Work task =>
Nothing but the lines from the one containing "Gingha Font Family" through the one containing "2 bed Detached", both included, should be given again, each exactly as written below.

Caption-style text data
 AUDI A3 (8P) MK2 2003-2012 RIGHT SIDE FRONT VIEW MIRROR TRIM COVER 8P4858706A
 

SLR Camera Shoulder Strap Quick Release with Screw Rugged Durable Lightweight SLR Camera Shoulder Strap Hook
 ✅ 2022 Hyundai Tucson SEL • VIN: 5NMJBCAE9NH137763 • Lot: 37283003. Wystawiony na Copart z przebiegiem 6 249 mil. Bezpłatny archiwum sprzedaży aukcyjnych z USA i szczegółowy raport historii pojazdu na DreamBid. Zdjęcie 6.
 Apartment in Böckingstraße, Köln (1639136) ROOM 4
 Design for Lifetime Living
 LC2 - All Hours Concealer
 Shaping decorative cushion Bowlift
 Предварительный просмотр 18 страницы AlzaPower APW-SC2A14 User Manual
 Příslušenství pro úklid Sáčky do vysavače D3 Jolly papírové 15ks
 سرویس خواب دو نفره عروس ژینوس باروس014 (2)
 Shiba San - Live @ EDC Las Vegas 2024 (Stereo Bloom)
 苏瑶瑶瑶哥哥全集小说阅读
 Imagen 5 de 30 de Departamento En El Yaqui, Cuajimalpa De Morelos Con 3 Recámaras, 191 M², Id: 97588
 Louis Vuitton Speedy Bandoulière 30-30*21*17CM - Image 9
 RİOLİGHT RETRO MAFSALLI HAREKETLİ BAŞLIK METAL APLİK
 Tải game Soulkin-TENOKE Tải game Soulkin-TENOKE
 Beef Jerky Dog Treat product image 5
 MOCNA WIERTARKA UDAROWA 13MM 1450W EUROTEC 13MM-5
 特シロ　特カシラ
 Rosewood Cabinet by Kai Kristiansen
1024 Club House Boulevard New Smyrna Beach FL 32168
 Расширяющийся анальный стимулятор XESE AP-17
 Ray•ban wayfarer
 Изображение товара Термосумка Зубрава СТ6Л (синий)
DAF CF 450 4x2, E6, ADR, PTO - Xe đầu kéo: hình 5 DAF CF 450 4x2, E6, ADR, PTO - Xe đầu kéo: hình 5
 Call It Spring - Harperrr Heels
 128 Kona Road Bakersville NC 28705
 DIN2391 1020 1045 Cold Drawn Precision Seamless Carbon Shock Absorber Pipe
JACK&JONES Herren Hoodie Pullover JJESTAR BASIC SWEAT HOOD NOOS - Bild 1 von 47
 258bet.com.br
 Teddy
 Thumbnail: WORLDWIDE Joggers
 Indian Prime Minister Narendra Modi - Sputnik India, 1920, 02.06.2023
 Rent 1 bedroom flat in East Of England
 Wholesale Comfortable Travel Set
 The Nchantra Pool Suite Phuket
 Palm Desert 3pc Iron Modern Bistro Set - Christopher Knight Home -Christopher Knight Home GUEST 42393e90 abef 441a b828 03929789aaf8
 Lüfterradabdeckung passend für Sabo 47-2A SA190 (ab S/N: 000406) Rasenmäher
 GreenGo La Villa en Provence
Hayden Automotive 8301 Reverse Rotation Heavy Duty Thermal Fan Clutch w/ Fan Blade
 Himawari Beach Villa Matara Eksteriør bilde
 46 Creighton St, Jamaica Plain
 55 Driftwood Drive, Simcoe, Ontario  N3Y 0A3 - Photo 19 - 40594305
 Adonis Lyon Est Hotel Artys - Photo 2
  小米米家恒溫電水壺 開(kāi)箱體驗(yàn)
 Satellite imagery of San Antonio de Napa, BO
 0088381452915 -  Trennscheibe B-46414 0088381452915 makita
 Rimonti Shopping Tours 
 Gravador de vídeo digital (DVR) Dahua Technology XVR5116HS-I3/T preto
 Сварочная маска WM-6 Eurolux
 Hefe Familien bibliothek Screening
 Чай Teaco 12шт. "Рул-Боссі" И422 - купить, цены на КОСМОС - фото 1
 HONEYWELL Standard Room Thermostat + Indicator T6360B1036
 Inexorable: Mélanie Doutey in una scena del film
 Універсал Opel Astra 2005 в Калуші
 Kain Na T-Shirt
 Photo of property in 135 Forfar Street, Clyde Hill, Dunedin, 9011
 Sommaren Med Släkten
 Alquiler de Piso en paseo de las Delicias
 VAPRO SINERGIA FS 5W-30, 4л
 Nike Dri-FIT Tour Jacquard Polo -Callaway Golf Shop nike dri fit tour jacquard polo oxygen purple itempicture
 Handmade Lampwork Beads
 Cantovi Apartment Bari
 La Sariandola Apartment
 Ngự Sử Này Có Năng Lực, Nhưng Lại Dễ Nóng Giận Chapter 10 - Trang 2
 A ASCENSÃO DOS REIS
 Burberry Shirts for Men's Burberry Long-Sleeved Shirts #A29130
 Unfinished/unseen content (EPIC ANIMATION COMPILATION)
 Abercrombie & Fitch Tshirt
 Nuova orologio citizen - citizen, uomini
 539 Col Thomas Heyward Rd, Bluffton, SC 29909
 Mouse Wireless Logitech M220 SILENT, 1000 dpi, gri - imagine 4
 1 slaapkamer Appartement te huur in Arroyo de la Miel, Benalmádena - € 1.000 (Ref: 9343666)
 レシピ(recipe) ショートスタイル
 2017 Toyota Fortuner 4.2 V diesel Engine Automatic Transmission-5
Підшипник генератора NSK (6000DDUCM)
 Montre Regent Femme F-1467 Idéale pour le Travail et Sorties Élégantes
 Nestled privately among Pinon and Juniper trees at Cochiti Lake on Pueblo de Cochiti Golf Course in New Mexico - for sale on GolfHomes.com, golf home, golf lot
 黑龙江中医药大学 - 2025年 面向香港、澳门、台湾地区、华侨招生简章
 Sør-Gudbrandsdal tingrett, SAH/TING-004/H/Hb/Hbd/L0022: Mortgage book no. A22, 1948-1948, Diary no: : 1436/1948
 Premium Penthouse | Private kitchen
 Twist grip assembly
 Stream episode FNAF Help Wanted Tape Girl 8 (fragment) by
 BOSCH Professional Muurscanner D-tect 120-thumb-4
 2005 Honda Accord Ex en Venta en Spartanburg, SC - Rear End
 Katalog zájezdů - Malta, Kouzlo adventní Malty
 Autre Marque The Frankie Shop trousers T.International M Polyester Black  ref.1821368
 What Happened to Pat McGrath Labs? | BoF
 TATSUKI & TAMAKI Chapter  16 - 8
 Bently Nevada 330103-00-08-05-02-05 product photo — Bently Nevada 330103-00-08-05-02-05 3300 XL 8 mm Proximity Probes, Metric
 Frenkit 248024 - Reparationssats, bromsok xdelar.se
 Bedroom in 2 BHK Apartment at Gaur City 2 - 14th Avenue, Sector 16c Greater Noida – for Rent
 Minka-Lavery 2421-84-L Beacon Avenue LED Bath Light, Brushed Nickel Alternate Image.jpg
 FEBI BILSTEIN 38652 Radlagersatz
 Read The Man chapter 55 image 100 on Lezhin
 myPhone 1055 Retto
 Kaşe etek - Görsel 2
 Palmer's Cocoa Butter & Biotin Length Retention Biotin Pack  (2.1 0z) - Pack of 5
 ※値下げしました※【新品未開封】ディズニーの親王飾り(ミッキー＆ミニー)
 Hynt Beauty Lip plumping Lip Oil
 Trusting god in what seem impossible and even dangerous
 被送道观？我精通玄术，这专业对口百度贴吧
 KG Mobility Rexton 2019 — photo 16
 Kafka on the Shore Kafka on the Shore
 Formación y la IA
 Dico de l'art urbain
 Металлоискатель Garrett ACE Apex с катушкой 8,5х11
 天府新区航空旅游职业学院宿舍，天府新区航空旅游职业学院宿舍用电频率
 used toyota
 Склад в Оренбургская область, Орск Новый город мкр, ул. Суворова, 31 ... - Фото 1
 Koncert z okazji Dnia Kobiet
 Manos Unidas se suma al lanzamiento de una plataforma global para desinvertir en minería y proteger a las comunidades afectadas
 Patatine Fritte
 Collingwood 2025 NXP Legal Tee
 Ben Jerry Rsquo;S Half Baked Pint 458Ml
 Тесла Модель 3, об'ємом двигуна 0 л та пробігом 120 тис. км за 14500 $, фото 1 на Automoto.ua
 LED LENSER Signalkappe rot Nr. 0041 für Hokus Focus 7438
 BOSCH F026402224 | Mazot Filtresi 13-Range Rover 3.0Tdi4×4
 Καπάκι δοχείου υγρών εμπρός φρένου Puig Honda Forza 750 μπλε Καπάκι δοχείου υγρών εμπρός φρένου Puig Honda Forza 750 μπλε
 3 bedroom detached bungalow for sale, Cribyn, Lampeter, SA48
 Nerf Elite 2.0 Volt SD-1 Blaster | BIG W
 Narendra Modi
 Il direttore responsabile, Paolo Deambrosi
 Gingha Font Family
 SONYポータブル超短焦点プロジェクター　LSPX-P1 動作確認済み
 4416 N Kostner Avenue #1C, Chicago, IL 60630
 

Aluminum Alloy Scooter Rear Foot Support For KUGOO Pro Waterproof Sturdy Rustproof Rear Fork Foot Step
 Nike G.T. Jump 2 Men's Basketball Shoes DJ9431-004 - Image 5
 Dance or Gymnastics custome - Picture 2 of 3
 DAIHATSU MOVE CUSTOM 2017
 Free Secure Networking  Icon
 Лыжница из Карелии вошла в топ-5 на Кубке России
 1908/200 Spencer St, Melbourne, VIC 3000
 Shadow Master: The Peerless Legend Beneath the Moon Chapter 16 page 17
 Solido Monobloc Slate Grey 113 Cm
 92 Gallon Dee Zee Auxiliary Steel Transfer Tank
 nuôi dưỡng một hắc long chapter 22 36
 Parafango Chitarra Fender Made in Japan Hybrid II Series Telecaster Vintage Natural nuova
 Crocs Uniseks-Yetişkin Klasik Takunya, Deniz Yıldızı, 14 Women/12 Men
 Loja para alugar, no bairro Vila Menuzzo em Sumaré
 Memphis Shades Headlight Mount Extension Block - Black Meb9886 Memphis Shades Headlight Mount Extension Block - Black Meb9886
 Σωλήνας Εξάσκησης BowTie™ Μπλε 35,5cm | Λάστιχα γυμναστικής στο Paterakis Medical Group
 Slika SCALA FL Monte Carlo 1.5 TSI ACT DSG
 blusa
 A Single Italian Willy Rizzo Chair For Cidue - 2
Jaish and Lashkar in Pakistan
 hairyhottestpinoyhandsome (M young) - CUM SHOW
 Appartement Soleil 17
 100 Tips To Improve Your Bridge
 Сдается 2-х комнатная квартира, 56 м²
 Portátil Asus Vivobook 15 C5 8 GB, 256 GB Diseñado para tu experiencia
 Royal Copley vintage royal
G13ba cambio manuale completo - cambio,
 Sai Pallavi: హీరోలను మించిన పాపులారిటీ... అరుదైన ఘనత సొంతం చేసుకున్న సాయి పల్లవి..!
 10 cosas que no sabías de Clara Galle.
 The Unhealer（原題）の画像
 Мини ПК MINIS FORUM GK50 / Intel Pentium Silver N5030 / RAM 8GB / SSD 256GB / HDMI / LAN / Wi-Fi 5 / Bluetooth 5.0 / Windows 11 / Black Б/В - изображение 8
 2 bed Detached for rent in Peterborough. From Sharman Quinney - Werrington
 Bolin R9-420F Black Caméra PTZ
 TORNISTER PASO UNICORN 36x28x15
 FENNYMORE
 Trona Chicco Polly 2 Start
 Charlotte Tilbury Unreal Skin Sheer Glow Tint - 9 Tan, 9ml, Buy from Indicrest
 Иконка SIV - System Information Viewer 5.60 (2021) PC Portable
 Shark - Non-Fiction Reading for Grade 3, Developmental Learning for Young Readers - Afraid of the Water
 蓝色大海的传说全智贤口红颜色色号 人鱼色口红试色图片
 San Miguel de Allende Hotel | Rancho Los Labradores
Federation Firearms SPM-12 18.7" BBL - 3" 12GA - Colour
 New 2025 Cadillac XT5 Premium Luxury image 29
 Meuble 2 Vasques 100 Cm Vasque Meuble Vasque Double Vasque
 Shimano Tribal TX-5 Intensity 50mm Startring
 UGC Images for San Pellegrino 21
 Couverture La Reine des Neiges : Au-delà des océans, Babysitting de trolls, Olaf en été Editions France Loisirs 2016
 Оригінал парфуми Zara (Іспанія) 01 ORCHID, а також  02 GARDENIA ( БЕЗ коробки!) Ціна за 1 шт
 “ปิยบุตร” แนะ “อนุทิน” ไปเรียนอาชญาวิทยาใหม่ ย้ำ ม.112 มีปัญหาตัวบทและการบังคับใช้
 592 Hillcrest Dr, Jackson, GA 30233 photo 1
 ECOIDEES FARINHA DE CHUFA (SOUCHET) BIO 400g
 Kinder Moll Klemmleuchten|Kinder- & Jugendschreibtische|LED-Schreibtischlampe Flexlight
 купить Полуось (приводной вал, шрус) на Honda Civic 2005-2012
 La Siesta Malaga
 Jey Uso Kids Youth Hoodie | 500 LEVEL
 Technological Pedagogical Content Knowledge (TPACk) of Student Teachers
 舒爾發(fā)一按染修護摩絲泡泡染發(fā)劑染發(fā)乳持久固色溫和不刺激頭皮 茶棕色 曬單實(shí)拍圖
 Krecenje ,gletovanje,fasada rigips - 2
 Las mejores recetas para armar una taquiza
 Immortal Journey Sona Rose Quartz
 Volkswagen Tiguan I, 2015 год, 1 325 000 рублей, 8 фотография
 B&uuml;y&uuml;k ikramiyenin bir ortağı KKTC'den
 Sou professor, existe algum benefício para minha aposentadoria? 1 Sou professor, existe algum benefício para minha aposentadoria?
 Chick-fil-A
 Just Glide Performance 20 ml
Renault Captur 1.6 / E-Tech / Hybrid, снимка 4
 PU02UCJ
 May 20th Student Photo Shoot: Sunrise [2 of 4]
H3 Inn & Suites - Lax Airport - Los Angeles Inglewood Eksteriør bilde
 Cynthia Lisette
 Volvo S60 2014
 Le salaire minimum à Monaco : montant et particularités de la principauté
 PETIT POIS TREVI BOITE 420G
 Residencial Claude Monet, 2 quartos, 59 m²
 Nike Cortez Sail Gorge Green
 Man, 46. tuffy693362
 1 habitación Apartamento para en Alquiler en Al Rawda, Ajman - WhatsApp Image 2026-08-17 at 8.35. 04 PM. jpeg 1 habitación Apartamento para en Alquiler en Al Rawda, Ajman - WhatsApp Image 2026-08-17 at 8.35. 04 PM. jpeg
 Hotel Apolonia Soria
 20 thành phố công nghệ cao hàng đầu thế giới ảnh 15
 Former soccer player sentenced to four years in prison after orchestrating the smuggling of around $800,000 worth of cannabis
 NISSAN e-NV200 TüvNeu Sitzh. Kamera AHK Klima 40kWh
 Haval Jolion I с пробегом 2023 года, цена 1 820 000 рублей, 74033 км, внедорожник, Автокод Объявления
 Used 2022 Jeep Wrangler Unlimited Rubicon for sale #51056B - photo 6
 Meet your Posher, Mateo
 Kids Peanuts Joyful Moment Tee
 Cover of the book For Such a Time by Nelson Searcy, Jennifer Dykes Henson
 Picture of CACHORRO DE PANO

Solution to the exercise =>
 Gingha Font Family
 SONYポータブル超短焦点プロジェクター　LSPX-P1 動作確認済み
 4416 N Kostner Avenue #1C, Chicago, IL 60630
 

Aluminum Alloy Scooter Rear Foot Support For KUGOO Pro Waterproof Sturdy Rustproof Rear Fork Foot Step
 Nike G.T. Jump 2 Men's Basketball Shoes DJ9431-004 - Image 5
 Dance or Gymnastics custome - Picture 2 of 3
 DAIHATSU MOVE CUSTOM 2017
 Free Secure Networking  Icon
 Лыжница из Карелии вошла в топ-5 на Кубке России
 1908/200 Spencer St, Melbourne, VIC 3000
 Shadow Master: The Peerless Legend Beneath the Moon Chapter 16 page 17
 Solido Monobloc Slate Grey 113 Cm
 92 Gallon Dee Zee Auxiliary Steel Transfer Tank
 nuôi dưỡng một hắc long chapter 22 36
 Parafango Chitarra Fender Made in Japan Hybrid II Series Telecaster Vintage Natural nuova
 Crocs Uniseks-Yetişkin Klasik Takunya, Deniz Yıldızı, 14 Women/12 Men
 Loja para alugar, no bairro Vila Menuzzo em Sumaré
 Memphis Shades Headlight Mount Extension Block - Black Meb9886 Memphis Shades Headlight Mount Extension Block - Black Meb9886
 Σωλήνας Εξάσκησης BowTie™ Μπλε 35,5cm | Λάστιχα γυμναστικής στο Paterakis Medical Group
 Slika SCALA FL Monte Carlo 1.5 TSI ACT DSG
 blusa
 A Single Italian Willy Rizzo Chair For Cidue - 2
Jaish and Lashkar in Pakistan
 hairyhottestpinoyhandsome (M young) - CUM SHOW
 Appartement Soleil 17
 100 Tips To Improve Your Bridge
 Сдается 2-х комнатная квартира, 56 м²
 Portátil Asus Vivobook 15 C5 8 GB, 256 GB Diseñado para tu experiencia
 Royal Copley vintage royal
G13ba cambio manuale completo - cambio,
 Sai Pallavi: హీరోలను మించిన పాపులారిటీ... అరుదైన ఘనత సొంతం చేసుకున్న సాయి పల్లవి..!
 10 cosas que no sabías de Clara Galle.
 The Unhealer（原題）の画像
 Мини ПК MINIS FORUM GK50 / Intel Pentium Silver N5030 / RAM 8GB / SSD 256GB / HDMI / LAN / Wi-Fi 5 / Bluetooth 5.0 / Windows 11 / Black Б/В - изображение 8
 2 bed Detached for rent in Peterborough. From Sharman Quinney - Werrington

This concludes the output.